Verrou psychologique

Pour sa part, Alexandre Ferrand voit deux freins qui peuvent empêcher les agriculteurs de franchir le pas : le financement et la confiance dans le robot. Déléguer cette confiance à une machine totalement autonome, c’est compliqué. Il faut faire sauter le verrou psychologique comme « on l’avait autrefois pour le GPS sur les tracteurs ». Faire confiance nécessite aussi de revoir une réglementation un peu tatillonne qui « oblige d’avoir un opérateur (une personne physique ndlr) à moins de 300 mètres de l’engin », ajoute Marie-Flore Doutreleau. Un peu à la manière des premières voitures qui à la fin XIXe étaient précédées d'un piéton agitant un drapeau rouge. « Pour l’assurance nous avons trouvé une astuce avec l’assureur qui permet de faire passer le robot comme un tracteur », précise l’agriculteur. Sa plus grande crainte reste tout de même le vol. Le robot OZ de Naio ne pèse que 150 kg : « Avec deux personnes, on peut le prendre, le mettre dans le coffre d’une voiture et partir avec ». Ce qui serait plus difficile avec les robots de 6 à 9 tonnes comme ce tracteur porte-outils développé par la société Agxeed. Ce robot peut réaliser, à la vitesse de 10 km/h, un chantier de 50 ha en une journée. Côté constructeurs, d’autres modèles sont déjà en préparation comme des dessileuses automatisées. « Khün en a déjà commercialisées cinq ou six. La robotique, c’est une tendance qui va se généraliser », promet Benoit Egon.

Christophe Soulard

Robotique agricole : un marché mondial en essor 

Le marché mondial de la robotique agricole pèse près de 8 milliards d’euros. Il est détenu par une quinzaine de sociétés et le secteur agricole serait « le deuxième marché mondial de la robotique de service professionnelle ». Le secteur devrait presque tripler d’ici 2026 et atteindre plus de 20 milliards d’euros d’ici à 2026.

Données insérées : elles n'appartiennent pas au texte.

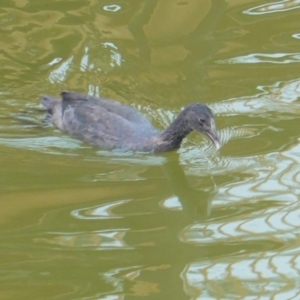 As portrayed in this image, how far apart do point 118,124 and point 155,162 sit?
581mm

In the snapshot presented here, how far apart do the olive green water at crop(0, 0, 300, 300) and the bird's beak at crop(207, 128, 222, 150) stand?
11 centimetres

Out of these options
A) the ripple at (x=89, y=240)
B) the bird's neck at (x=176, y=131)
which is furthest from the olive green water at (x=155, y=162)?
the bird's neck at (x=176, y=131)

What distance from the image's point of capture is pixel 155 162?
23.3 ft

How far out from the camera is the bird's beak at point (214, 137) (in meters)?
6.89

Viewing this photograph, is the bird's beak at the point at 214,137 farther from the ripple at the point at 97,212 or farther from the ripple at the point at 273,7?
the ripple at the point at 273,7

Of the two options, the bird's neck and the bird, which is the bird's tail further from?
the bird's neck

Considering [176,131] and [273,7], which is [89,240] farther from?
[273,7]

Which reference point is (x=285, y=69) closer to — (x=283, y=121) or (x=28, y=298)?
(x=283, y=121)

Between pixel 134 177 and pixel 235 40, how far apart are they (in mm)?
2907

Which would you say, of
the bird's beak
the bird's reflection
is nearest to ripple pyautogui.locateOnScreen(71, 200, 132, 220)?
the bird's reflection

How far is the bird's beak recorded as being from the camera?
6887mm

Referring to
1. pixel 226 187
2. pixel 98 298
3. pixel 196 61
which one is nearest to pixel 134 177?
pixel 226 187

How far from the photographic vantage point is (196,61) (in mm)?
8711

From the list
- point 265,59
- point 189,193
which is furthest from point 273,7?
point 189,193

Fin 2020, La France comptait 14 000 robots agricoles en service, dont 80 % pour la traite des vaches. 7 500 exploitations laitières sont désormais équipées soit un élevage sur cinq. A travers son Plan d’investissement 2030 doté de 30 milliards d’euros, le gouvernement entend consacrer 2,8 milliards d’euros à l’innovation, dont la robotique.